Pero sobre todo porque no hemos asumido la idea cívica de que en el cabal cumplimiento de las leyes estamos involucrados todos (ver esta entrada de Jesús Alfaro sobre la cuestión); porque no somos súbditos que debamos confiar toda nuestra vida a un Leviatán todopoderoso, sino ciudadanos que consideran las normas algo propio. En otros países la palabra delator está privada de sus connotaciones negativas y se usa en cambio el término whistleblower, alguien que advierte (“pita“ o “silba”) cívicamente del incumplimiento de las normas y que debe ser protegido (ver aquí). Y, me comenta un amigo, en otros países, como Alemania, no es visto mal que si alguien te raya el coche y no deja los datos se le tome la matrícula o se denuncie un plagio de tesis doctoral a través de un blog anónimo, como le ha ocurrido recientemente a  la ministra de educación alemana, que ha generado una enorme polémica. En España, hay algunas iniciativas pro denuncia como elPrograma de Clemencia del que nos hablaba Clara Guzmán en este blog.
Vale, comprendo a quienes se ven desanimados a colaborar con un Estado partitocrático en el que las noticias sobre corrupción son diarias y en el que el ejemplo de la clase política no es el mejor; y también con quienes entienden que no se debemos convertirnos en una sociedad de delatores que se acusan unos a los otros, y que la parte importante de la investigación y de la sanción corresponde al Estado. Y también a quienes les cuesta hacerlo (por ejemplo en lo grandes cuerpos de funcionarios) porque se temen que no va a servir para nada.
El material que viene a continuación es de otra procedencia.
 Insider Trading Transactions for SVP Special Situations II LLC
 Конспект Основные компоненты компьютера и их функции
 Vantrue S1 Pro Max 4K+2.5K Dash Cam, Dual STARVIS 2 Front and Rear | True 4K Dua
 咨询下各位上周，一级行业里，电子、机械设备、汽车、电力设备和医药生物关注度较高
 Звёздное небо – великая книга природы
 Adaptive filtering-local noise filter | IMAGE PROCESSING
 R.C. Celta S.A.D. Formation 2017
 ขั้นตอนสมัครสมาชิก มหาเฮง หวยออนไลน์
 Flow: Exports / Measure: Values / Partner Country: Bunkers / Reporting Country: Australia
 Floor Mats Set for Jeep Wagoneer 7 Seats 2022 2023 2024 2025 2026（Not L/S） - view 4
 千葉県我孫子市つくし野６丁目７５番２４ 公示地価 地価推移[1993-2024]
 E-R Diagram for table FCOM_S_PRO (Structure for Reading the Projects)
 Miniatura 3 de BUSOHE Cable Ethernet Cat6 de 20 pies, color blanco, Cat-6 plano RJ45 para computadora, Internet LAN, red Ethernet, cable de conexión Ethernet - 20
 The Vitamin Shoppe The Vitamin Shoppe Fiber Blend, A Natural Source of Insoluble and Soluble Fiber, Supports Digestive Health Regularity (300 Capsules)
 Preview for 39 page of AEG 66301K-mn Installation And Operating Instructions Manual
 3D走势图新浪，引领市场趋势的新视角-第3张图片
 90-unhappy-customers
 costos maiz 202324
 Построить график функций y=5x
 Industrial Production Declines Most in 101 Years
Pero si queremos evitar que España sea un país inseguro, ineficiente; un país en el que unos pagan muchos impuestos y otros defraudan y en el que se trata injustamente a los trabajadores o se maltrata a las mujeres; un país que es número 31 del mundo en nivel de corrupción (ver aquí), debemos hacer dos cosas: primero, no hacer nada de esto nosotros mismos; segundo, no creer que el cumplimiento o no cumplimiento de las normas es una cuestión de libertad individual del otro que a nosotros no nos compete. La ley no puede llegar a todo ni los poderes públicos tienen la exclusiva de hacer cumplir aquella: la presión social puede hacerse sentir fuertemente sobre los incumplidores, a veces mediante la oportuna denuncia, a veces mediante la desaprobación o el vacío de los asociales o incívicos, máxime cuando ejercen cargos públicos (UPyD acaba de pedir que los imputados no puedan presentarse a las elecciones), o impidiendo que sean personajes públicos quienes realicen actividades antisociales.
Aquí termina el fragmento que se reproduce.